Was für ein Zypern-Hilfspaket spricht

  • Angst vor erneuter Verunsicherung der Investoren

    Eine Staatspleite in Zypern wäre der Beweis, dass die Euro-Länder doch nicht bereit sind, ein Land um jeden Preis zu retten. Die Politiker könnten befürchten, dass dann die Risikoaufschläge für Peripherie-Staatsanleihen wieder hochschnellen, auch wenn wir nicht davon ausgehen, dass die Krise wieder hochkocht.

  • EU würde politisch Schaden nehmen

    Verweigern die Euro-Länder Zypern die Hilfe, wäre dies eine Aufkündigung der Solidarität. Das Misstrauen zwischen der Peripherie und den Kernländern dürfte sich vertiefen. Zur Erinnerung: Zypern hat sich ungeachtet seiner desolaten Staatsfinanzen an dem Hilfsprogramm für Griechenland beteiligt und garantiert für die EFSF-Kredite an Irland und Portugal. Und auch Irland hat sich erfolgreich geweigert, seine Steuersätze für Unternehmen anzuheben.

  • Größerer Einfluss Russlands

    Vor allem aber dürfte es der EU nicht gefallen, wenn der russische Einfluss in Zypern noch größer würde. Russland hat ein großes wirtschaftliches und politisches Interesse an der Insel und würde wohl dem zyprischen Staat finanziell zur Seite springen. Schon 2012 hat der russische Staat Zypern mit einem Kredit über 2,5 Milliarden Euro vor der Pleite gerettet. Viele russische Bürger leben auf Zypern und zahlreiche russische Unternehmen haben in dem Land investiert. Darüber hinaus ist Zypern eine Drehscheibe für russisches Kapital. Ein Großteil der aus Russland nach Zypern transferierten Gelder fließt dorthin zurück. Ein gutes Viertel der in Russland getätigten Auslandsinvestitionen stammt aus Zypern.

  • Militärisches Interesse Russlands

    Zypern könnte Russland, das Gefahr läuft, seinen syrischen Flottenstützpunkt zu verlieren, einen Hafen für seine Marine anbieten. Und noch etwas dürfte die EU fürchten: Russland hat ein Auge auf die vor der Küste Zyperns entdeckten Erdgasvorkommen geworfen. An deren Förderung möchte sich der russische Gasprom-Konzern beteiligen. Viele in Zypern knüpfen ihre Hoffnung auf Rettung an diese Gasvorkommen. Bei nur 0,9 Millionen Einwohnern könnten die zu erwartenden Gaseinnahmen die Situation des Landes massiv verbessern.
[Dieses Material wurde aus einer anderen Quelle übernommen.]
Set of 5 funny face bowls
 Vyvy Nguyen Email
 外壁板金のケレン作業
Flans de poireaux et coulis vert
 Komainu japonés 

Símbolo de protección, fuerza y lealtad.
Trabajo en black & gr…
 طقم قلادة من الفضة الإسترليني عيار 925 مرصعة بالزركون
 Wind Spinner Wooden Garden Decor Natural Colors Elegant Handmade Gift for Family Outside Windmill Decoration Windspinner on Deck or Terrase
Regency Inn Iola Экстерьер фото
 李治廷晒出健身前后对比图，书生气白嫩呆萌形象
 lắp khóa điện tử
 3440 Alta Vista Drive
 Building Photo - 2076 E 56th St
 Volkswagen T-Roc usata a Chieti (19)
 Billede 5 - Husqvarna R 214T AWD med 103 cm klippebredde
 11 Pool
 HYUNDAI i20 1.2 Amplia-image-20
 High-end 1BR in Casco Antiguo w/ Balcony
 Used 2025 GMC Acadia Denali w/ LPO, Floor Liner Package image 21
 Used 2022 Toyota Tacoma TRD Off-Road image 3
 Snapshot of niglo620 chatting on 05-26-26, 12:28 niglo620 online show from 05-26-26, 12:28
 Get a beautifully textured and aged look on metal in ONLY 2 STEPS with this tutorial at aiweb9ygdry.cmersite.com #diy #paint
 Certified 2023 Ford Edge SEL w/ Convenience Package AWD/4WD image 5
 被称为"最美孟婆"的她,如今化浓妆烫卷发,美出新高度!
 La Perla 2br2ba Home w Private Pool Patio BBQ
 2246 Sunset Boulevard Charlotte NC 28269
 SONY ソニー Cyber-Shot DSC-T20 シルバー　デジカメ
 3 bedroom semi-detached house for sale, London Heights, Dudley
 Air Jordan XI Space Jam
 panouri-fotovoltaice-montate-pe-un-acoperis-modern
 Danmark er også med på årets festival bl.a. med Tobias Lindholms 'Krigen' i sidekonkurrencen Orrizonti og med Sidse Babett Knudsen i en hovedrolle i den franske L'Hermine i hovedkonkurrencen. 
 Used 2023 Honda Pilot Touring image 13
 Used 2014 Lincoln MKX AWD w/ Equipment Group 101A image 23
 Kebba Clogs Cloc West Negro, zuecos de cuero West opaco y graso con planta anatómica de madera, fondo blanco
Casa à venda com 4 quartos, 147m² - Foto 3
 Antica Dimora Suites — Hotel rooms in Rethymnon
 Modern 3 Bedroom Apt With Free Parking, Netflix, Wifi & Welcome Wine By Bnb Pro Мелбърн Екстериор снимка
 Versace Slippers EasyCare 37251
Der Finanzobmann der CDU/CSU-Fraktion im Bundestagsfinanzausschuss, Hans Michelbach, sieht immer weniger Chancen, einen Staatsbankrott zu verhindern. „Auch die neuen Beschlüsse sind bestenfalls eine Mischung aus kreativer Buchführung und Scheinlösungen“, sagte Michelbach am Samstag in Berlin. Zudem laufe Nikosia die Zeit davon.

Zypern berät unterdessen mit der Geldgeber-Troika - EU, Europäische Zentralbank und Internationaler Währungsfonds. Die Regierung schlägt vor, dass die Geldeinlagen über 100.000 Euro des größten zyprischen Geldinstituts Cyprus Bank mit 22 bis 25 Prozent belastet werden. Dort sollen die meisten Oligarchen ihr Geld geparkt haben. Es gibt aber auch Überlegungen, alle Bankeinlagen ab einer bestimmten - bislang nicht genannten Höhe - mit zehn Prozent zu belasten. Die Regierung wollte die Presse informieren, sobald Klarheit herrscht, hieß es im zyprischen Fernsehen.

Am Samstagnachmittag wurde der zyprische Präsident Nikos Anastasiades in Brüssel erwartet, um den Alternativplan vorzustellen, mit dem Zypern seinen Anteil zum Zypern-Rettungsplan von Europäischer Union, Europäischer Zentralbank und Internationalem Währungsfonds aufbringen will.

Unionsfraktionschef Volker Kauder (CDU) sagte: „Wir können nicht akzeptieren, dass die Renten der Menschen verpfändet werden.“ Er betonte: „Wir wollen, dass Europa zusammenbleibt.“ Aber Zypern spiele gerade mit dem Feuer. „Wir verlangen eine Restrukturierung der Banken. Der Bankensektor ist für das Land Zypern einfach zu groß.“ Auch für Zypern gelte, eine Gegenleistung für Hilfe zu erbringen.